Denizaltıda Davudların yanı sıra yaşamının 35 yılını Titanik keşiflerine adamış 77 yaşındaki Fransız Paul-Henri Nargeolet, 58 yaşındaki İngiliz milyarder Hamish Harding ve OceanGate’in CEO’su 61 yaşındaki Stockton Rush vardı. Bu Nargeolet’in enkaza 38’inci dalışı olacaktı. Harding ise Davudlar gibi ilk dalışının heyecanını yaşıyordu. Titan’ın pilotu, bir yenilikçi olarak tanınmak için bazı güvenlik kurallarını es geçen Rush’tı.

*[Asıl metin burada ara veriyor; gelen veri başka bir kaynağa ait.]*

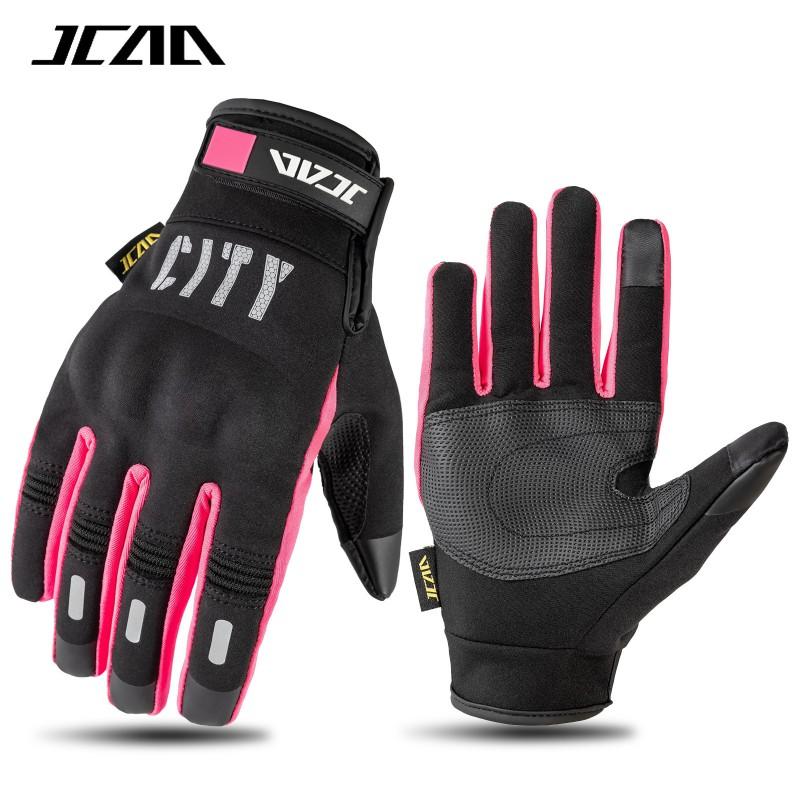 Unisex Motorcycle Riding Gloves Waterproof Anti-Slip Pink Black Short Style Street Off-Road Commute Cycling Protection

Titan’ın keşif gezilerine biçilen değerin 250 bin dolar olduğu bilinse de bu fiyatın pazarlığa açık olduğu daha önce gezegenbilimci Alan Stern örneğinde kanıtlanmıştı. Rush, geçen temmuz yapılan Titan keşfine katılmak isteyen Stern’in geçmişinde jet pilotluğu, kutup keşifleri, NASA’nın Plüton ve Kuiper Kuşağı’na ilişkin New Horizon keşiflerinin liderliği gibi deneyimlerin olduğunu öğrenince gezegenbilimciye bedava bilet vermiş.

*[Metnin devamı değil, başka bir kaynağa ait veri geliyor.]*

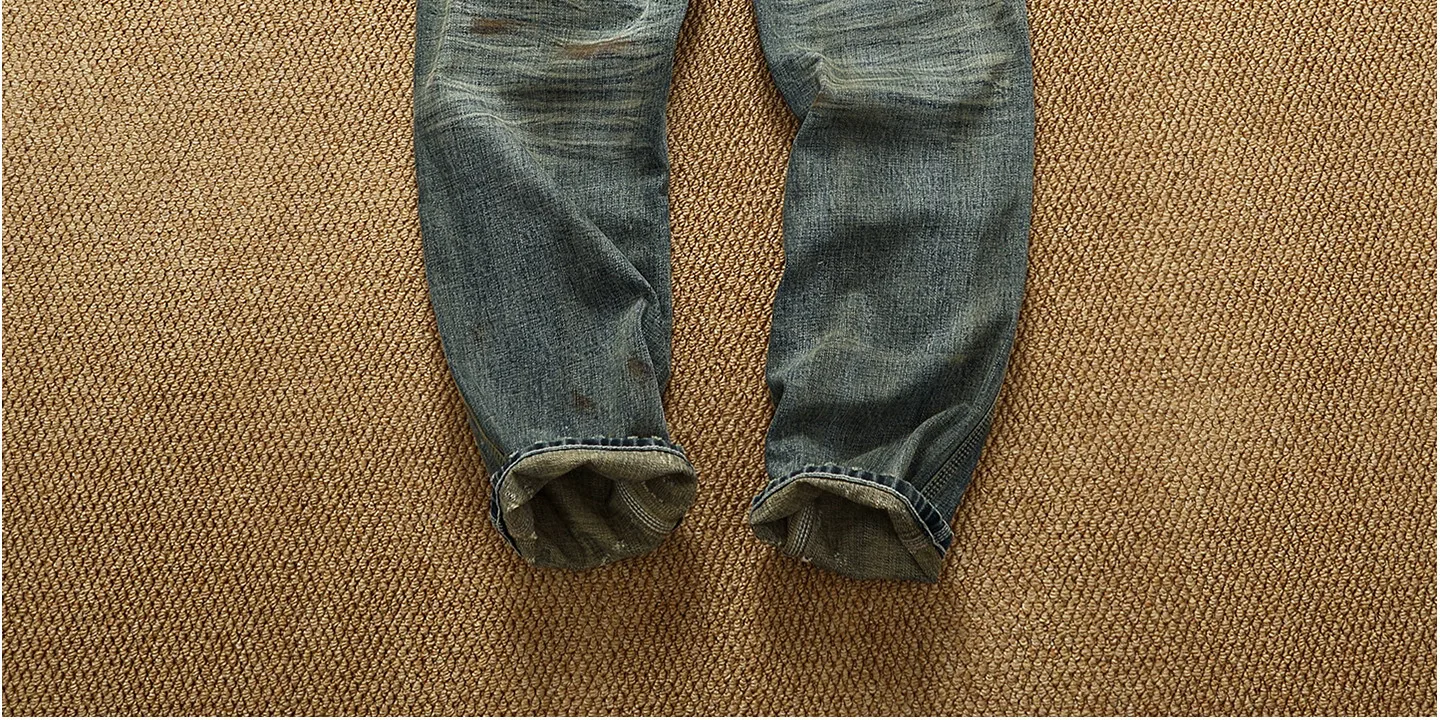 High OZ Heavy Duty Work Jeans Men's Patch Oil Dirty Wash Heavy Industry Washable Lumberjack Pants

Nargeolet, yıllarını Titanik’e dalarak, müze ve sergilere eşya toparlayarak geçirmişti. 18 Temmuz’da Paris’te açılacak Titanik sergisine katılmayı planlıyordu. 2022’de ‘Titanik’in Derinliklerinde’ adındaki kitabında, “Tüm varlığım ona adanmış” diye yazmıştı.

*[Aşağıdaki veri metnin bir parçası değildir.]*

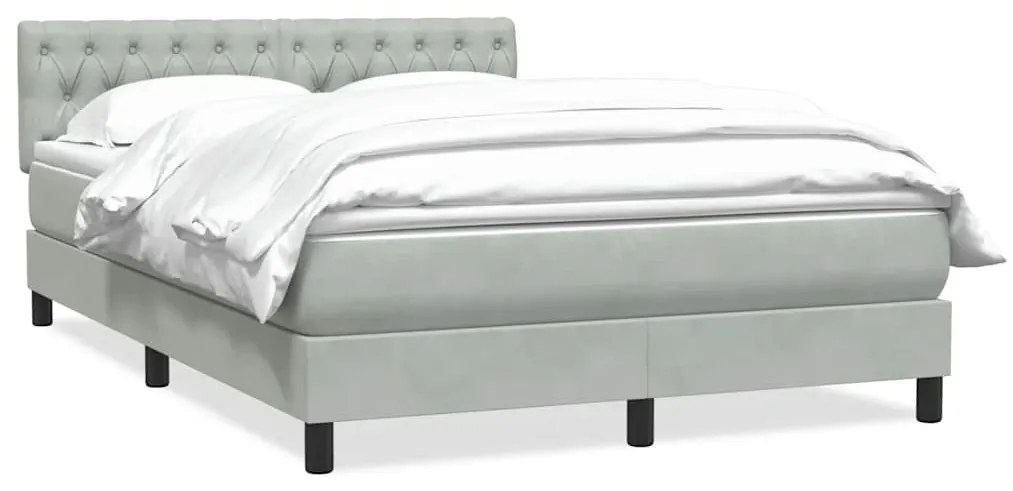 vidaXL Κρεβάτι Boxspring με Στρώμα Ανοιχτό Γκρι 160x210 εκ. Βελούδινο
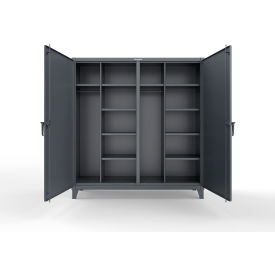 Double Shift Uniform Cabinet with 10 Shelves, 72" W x 24" D x 78" H, Dark Gray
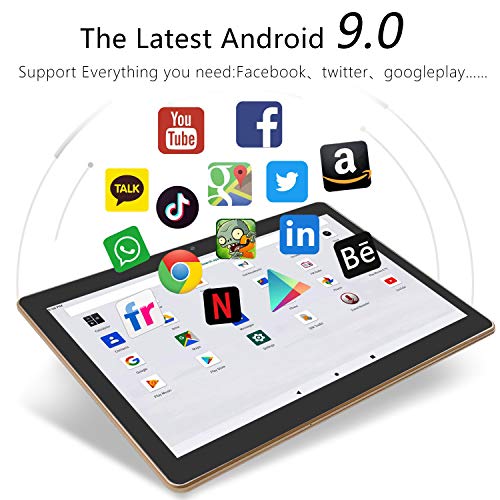 4G LTE Tablet 10 Pulgadas YOTOPT - Android 9.0, 4GB RAM y 64GB ROM, GPS/Bluetooth/WiFi Soporte (Negro)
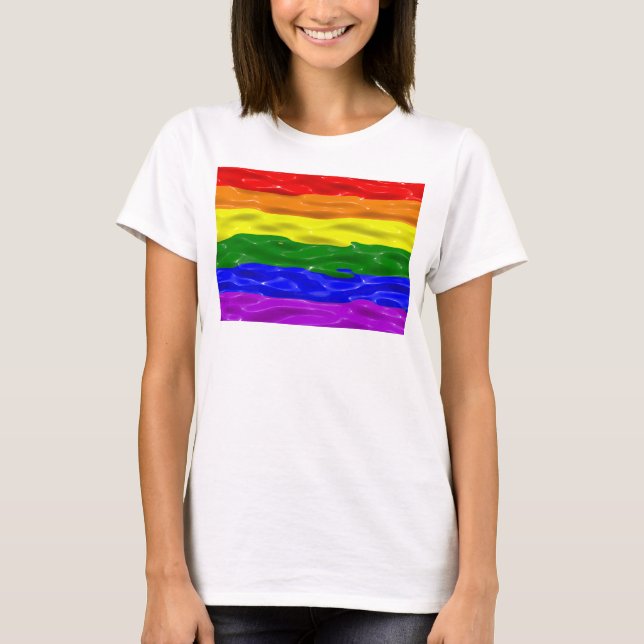 SlipperyJoe's regnbåge pride färg glansig vätska t T Shirt (Framsida)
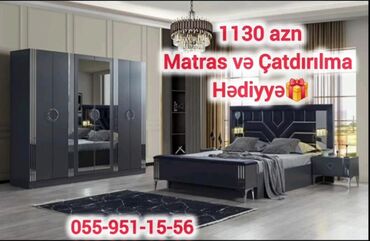 Yataq otağı dəstləri: 2 təknəfərlik çarpayı, Dolab, Komod, Termo, Azərbaycan, Yeni — 6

İlk kez dalış yapan üçlüye kendilerini nelerin beklediği ve 12 saatlik yolculuk için nasıl hazırlanmaları gerektiği anlatılmış. Rush, her zaman dalıştan bir gün önce ‘düşük kalorili diyet’ uygulanmasını ve dalış sabahı kahve içilmemesini tavsiye ediyormuş. Zira 12 saat boyunca tuvalet yapmak için sadece bir şişe ya da perdenin arkasındaki kampvari helayı kullanmak gerekiyordu.
Rush ayrıca derine indikçe hava daha da soğuduğundan yolculardan kalın çorap giymelerini istemiş. Aşağı inerken pil gücünden tasarruf etmek için projektörler kapatılacağı için denizaltının penceresi ve dış kameralardan bir şey görülemeyeceği konusunda da yolcular uyarılmış. Ayrıca yolculardan Bluetooth hoparlörde çalmak için en sevdiği şarkılardan bir kısmını telefonlarına yüklemelerini istemiş ama katı kuralına göre bu şarkılar Country olmamasıymış.
Christine’nin New York Times’a verdiği demece göre, Stockton Rush ve eşi Wendy, kaza öncesi Davudlarla bir araya gelip denizaltının tasarımı, güvenliği ve içine girmenin nasıl bir şey olduğundan bahsetmişler ancak Christine, “İşin mühendislik kısmı konusunda hiçbir fikrimiz yoktu. Hani motorun nasıl çalıştığını bilmeden uçağa binersiniz ya” dedi.
Christine, Nargeolet’in bir keresinde gruba ‘üç gün boyunca denizin derinlerinde mahsur kaldığını ve denizaltıyla iletişinin kesildiğini’ anlatmış. Şahzada ise bunun ‘çok havalı’ olduğunu düşünmüş.